Scraped caption text data:
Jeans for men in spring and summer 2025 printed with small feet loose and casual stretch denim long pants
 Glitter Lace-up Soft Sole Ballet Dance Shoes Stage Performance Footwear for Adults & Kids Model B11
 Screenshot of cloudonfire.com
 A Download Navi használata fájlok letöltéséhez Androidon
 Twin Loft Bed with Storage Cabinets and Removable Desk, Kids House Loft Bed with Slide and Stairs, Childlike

§ Work required:
Line by line, please reproduce the records exactly.

§ Exercise result:
Jeans for men in spring and summer 2025 printed with small feet loose and casual stretch denim long pants
 Glitter Lace-up Soft Sole Ballet Dance Shoes Stage Performance Footwear for Adults & Kids Model B11
 Screenshot of cloudonfire.com
 A Download Navi használata fájlok letöltéséhez Androidon
 Twin Loft Bed with Storage Cabinets and Removable Desk, Kids House Loft Bed with Slide and Stairs, Childlike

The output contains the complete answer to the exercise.